A vendor works at a wet market in China (photo credit: REUTERS)
A vendor works at a wet market in China
(photo credit: REUTERS)
Australian-based news outlet news.com.au has reported that thousands have begun flocking back to wet markets across China in places such as Dongguan and Guilin, despite these markets being considered ground zero for coronavirus outbreaks.
Considering the decline in new coronavirus cases throughout the country, authorities have begun reopening businesses in an attempt to heal the world's second largest economy.
The city of Wuhan, at the center of the outbreak, reported no new cases for a sixth day, as businesses reopened and residents set about reclaiming a more normal life after a lockdown for almost two months.
“The markets have gone back to operating in exactly the same way as they did before coronavirus,” according to a Daily Mail correspondent who visited the market told the publication. “The only difference is that security guards try to stop anyone taking pictures, which would never have happened before.”
They have come under closer scrutiny in recent months after the coronavirus outbreak was linked to a seafood market in Wuhan, China.
That market was shut down, and authorities said they would ban illegal wildlife trade and tighten supervision of wet markets, as a debate raged on social media on whether all wet markets should be closed.
“The origin of the new coronavirus is the wildlife sold illegally in a Wuhan seafood market,” Gao Fu, director of China Center for Disease Control and Prevention, told a briefing.
China’s markets, where wild and often poached animals are packed together, have been described as a breeding ground for disease and an incubator for a multitude of viruses to evolve and jump the species barrier to humans.
Wet markets, which are a series of stalls that sell fresh vegetables and fruits, live fish, chickens and other meats, are named after the melting of ice used to preserve goods and the washing of floors to clean blood and entrails.

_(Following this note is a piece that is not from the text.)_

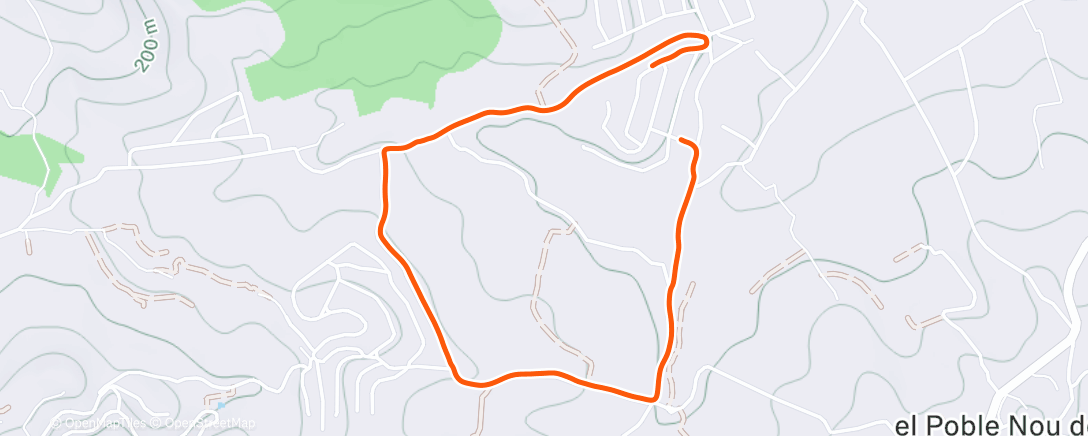 Map of the activity, The Blue Sky Walk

Conservationists and health experts have long denounced the trade in wildlife for its impact on biodiversity and the potential for spreading disease in markets.
“The animal welfare part of this is obvious, but much more hidden is this stashing and mixing of all these species together in a very small area, with secretions and urine mixed up together,” said Christian Walzer, executive director of the New York-based Wildlife Conservation Society.

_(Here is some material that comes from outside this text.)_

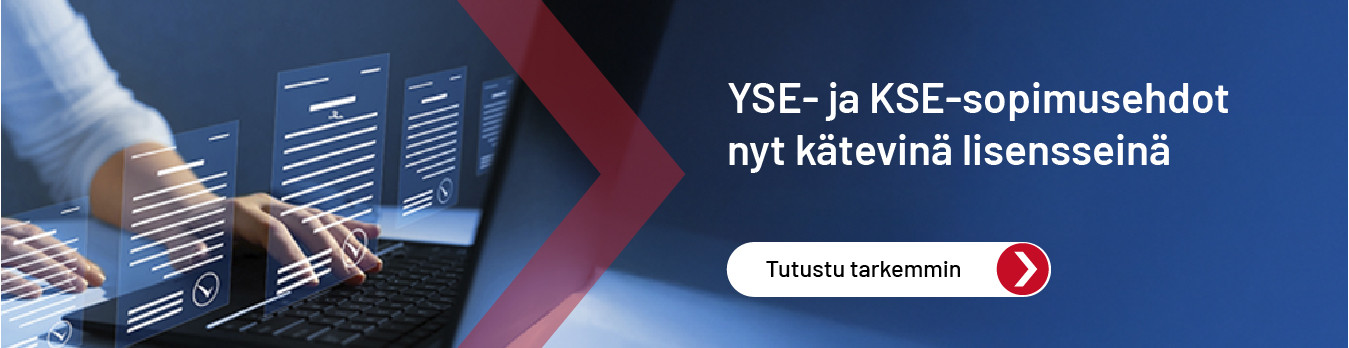 YSE- ja KSE-sopimusehdot nyt kätevinä lisensseinä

However, wet markets have been a staple in Chinese culture since the late 1970s - when large portions of the population began facing famine, the communist Chinese government introduced reforms so that people may harvest exotic wildlife for consumption in an attempt to combat the food shortages.
“Wet markets are part of the local culture in Asia, as people believe that meat and produce sold there is fresher and cheaper than in modern retail outlets,” said Pavida Pananond, an associate professor of international business at Thammasat University in Bangkok.

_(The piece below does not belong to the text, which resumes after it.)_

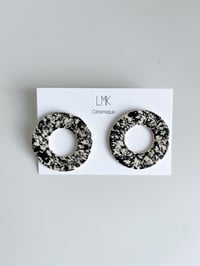 Paire de boucles d'oreilles céramique RONDA PERCA XL GRIBA GM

Across Asia, governments here keen to modernize their cities increasingly view street vendors and informal markets as a hindrance, and as usurpers of public spaces meant for formal businesses and wealthy residents.
From Bangkok to Manila, authorities are pushing vendors into designated zones and imposing restrictions on informal markets.
The 2002-03 outbreak of Severe Acute Respiratory Syndrome (SARS), which started in China and killed about 800 people, was believed to have emerged from wet markets.
These traditional markets are a lifeline for millions of small farmers, vendors and small businesses said Pavida, adding that shuttering them would have a significant economic and cultural impact on poorer consumers.
“It will be difficult to completely replace them as they serve consumers at the lower end of purchasing power, not to mention their cultural preference,” she said.

Zachary Keyser contributed to this report.